:: WORK TASK ::
Only the text belongs in the copy: repeat each record exactly, without pictures.
┌─ THE RECORDS
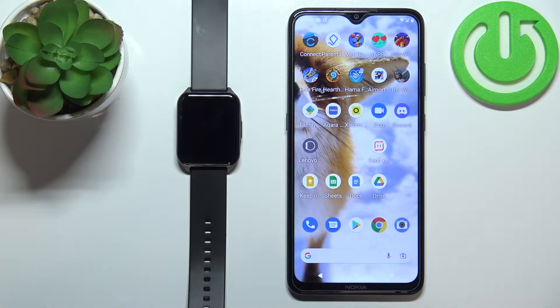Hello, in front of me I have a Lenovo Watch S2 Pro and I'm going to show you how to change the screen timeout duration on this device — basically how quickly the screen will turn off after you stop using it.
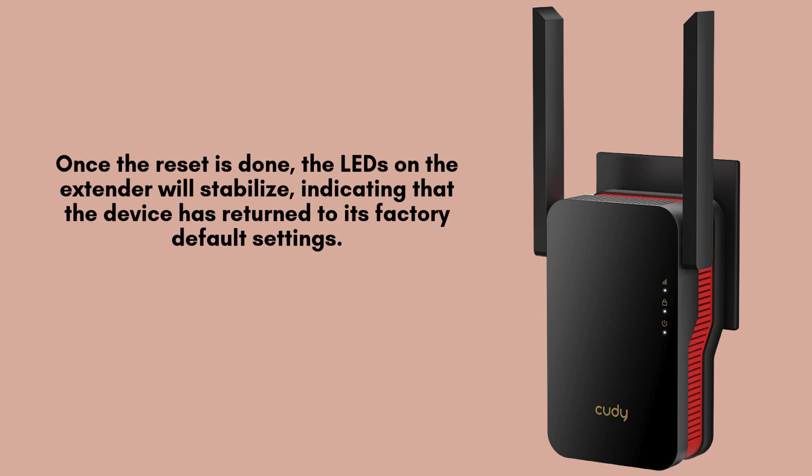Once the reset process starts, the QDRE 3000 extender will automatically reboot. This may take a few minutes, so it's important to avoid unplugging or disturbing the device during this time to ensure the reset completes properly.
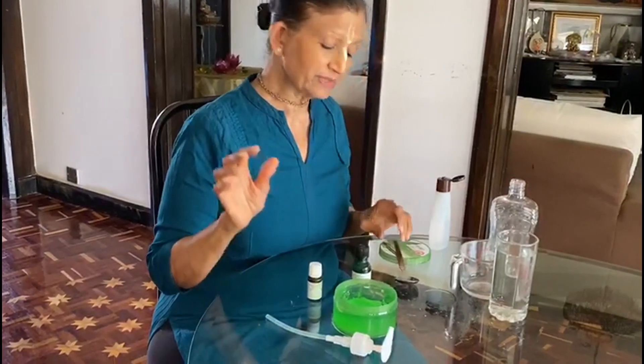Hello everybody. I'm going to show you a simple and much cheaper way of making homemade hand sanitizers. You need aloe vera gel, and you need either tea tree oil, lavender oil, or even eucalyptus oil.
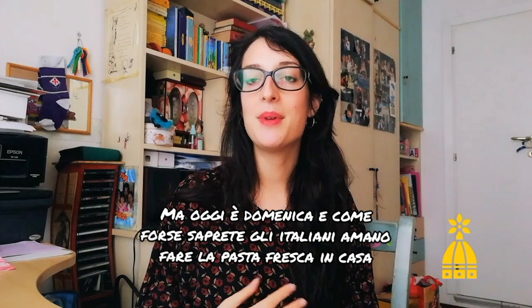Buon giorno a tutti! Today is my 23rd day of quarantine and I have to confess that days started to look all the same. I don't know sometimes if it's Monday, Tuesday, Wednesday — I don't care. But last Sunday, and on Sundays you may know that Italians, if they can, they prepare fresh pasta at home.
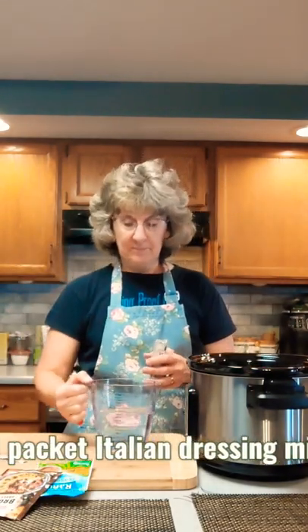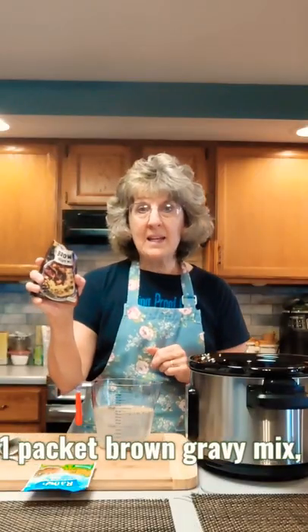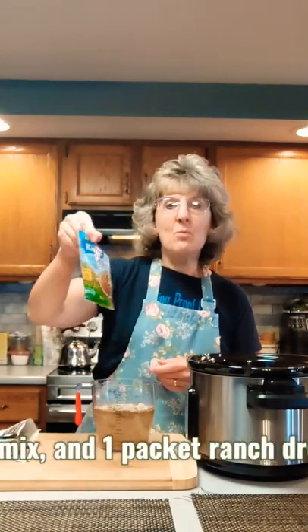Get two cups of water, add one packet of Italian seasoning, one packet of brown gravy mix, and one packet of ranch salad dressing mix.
└─
:: SOLVED PROBLEM ::
Hello, in front of me I have a Lenovo Watch S2 Pro and I'm going to show you how to change the screen timeout duration on this device — basically how quickly the screen will turn off after you stop using it.
Once the reset process starts, the QDRE 3000 extender will automatically reboot. This may take a few minutes, so it's important to avoid unplugging or disturbing the device during this time to ensure the reset completes properly.
Hello everybody. I'm going to show you a simple and much cheaper way of making homemade hand sanitizers. You need aloe vera gel, and you need either tea tree oil, lavender oil, or even eucalyptus oil.
Buon giorno a tutti! Today is my 23rd day of quarantine and I have to confess that days started to look all the same. I don't know sometimes if it's Monday, Tuesday, Wednesday — I don't care. But last Sunday, and on Sundays you may know that Italians, if they can, they prepare fresh pasta at home.
Get two cups of water, add one packet of Italian seasoning, one packet of brown gravy mix, and one packet of ranch salad dressing mix.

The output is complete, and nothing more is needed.